Semua pemerintah harus segera melaksanakan rekomendasi terbaru Organisasi Kesehatan Dunia (World Health Organization) Perserikatan Bangsa-bangsa untuk menghapus “tes keperawanan” bagi perempuan. Tes ini merendahkan, diskriminatif, dan tidak ilmiah, kata Human Rights Watch.
Rekomendasi yang dimuat dalam buku panduan WHO November 2014 menyatakan bahwa petugas kesehatan tak harus melakukan tes keperawanan. Buku ini menegaskan hak asasi dan kenyamanan perempuan harus diutamakan, dan menekankan bahwa setiap pemeriksaan fisik dilakukan hanya bila mendapat persetujuan dan fokus pada perawatan medis yang diperlukan seorang perempuan.
WHO menyimpulkan bahwa tes keperawanan atau tes dua jari, yang masih dilakukan di beberapa negara untuk membuktikan keperawanan anak perempuan, adalah tidak ilmiah.
Penerapan tes keperawanan terjadi di sejumlah negara di seluruh dunia, kata Human Rights Watch. Misalnya, pemerintah Afghanistan sering menuduh perempuan dan anak gadis melakukan kejahatan moral, seperti zina dan dan menyatakan zina harus dibuktikan melalui tes keperawanan.
Tes ini bisa dilakukan dua atau tiga kali pada perempuan yang sama karena keputusan yang buruk atau prosedur yang dianggap keliru sehingga harus diulangi. Kadang-kadang ia juga dikenakan secara paksa kepada perempuan yang dituduh melakukan kejahatan lain, seperti perampokan dan penyerangan.
Di Timur Tengah dan Afrika Utara, banyak perempuan menjalani tes keperawanan dalam berbagai keadaan, termasuk atas perintah keluarga mereka. Pada 2011, beberapa demonstran di Mesir bersaksi bahwa seorang dokter militer memaksa mereka melewati tes keperawanan.
Sebuah pengadilan tata usaha Mesir memutuskan bahwa tes keperawanan pada perempuan dalam tahanan merupakan tindakan ilegal, melanggar hak perempuan dan menjatuhkan martabat mereka.
Namun pada Maret 2012, satu-satunya perwira militer yang dituntut karena lakukan tes keperawanan dibebaskan. Meskipun sudah ada putusan pengadilan, praktik ilegal ini masih dilakukan dalam rumah tahanan Mesir.

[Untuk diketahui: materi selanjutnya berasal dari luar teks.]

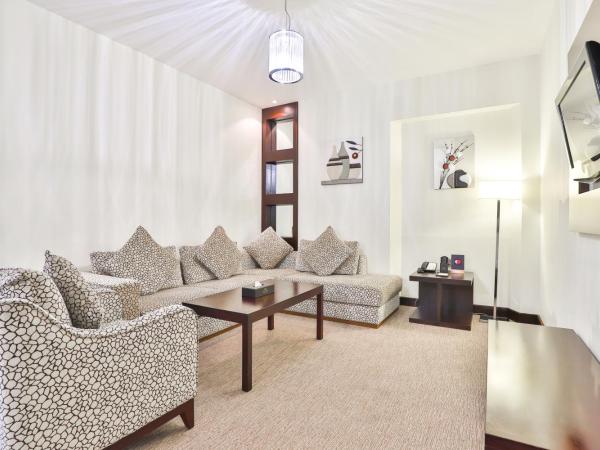 Landmark Summit Hotel : photo 5 de la chambre suite exécutive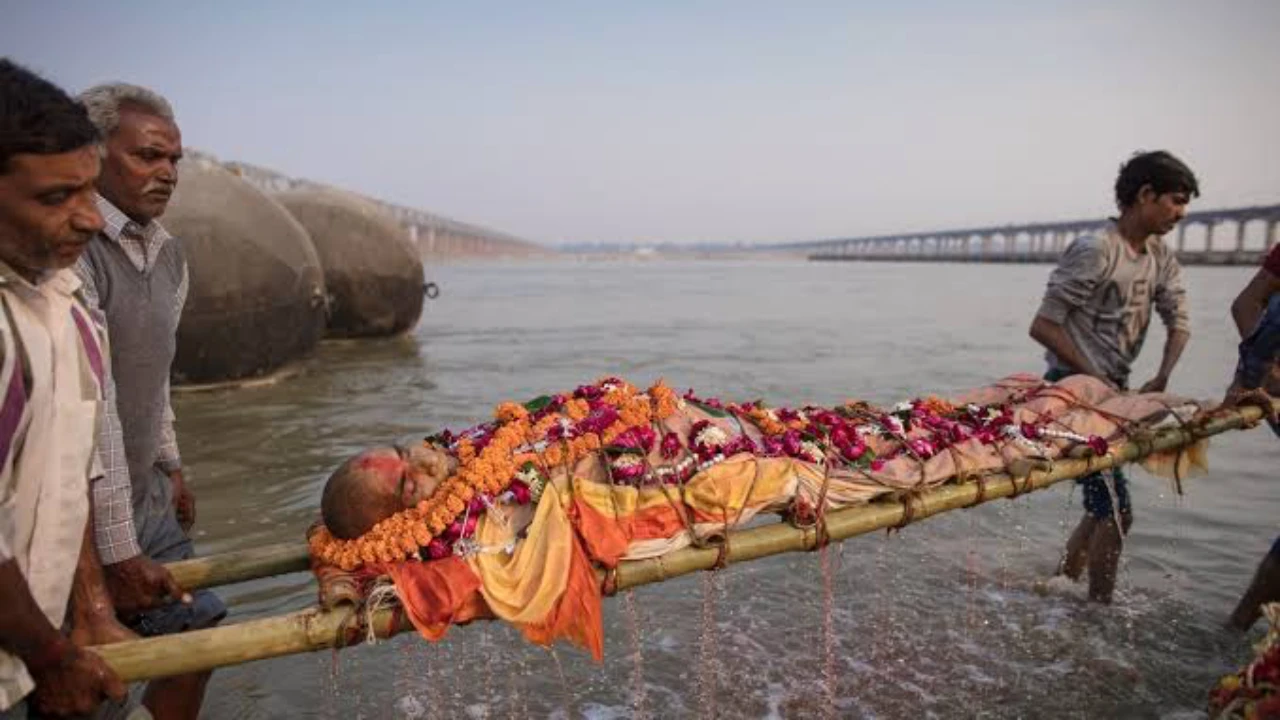 Үндістанның “ең таза қаласында” кемінде он адам лас су ішіп қайтыс болды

Di Indonesia, kepolisian memasukkan tes keperawanan sebagai bagian dari seleksi kesehatan calon polwan. Beberapa polwan senior menyatakan keberatan dan menuntut tes tersebut dihapus.
Tes keperawanan telah diakui secara internasional sebagai pelanggaran hak asasi manusia, berdasarkan pasal 7 dari Kovenan Internasional tentang Hak-hak Sipil dan Politik (ICCPR) dan pasal 16 pada Konvensi Menentang Penyiksaan, keduanya sudah diratifikasi banyak negara termasuk Indonesia.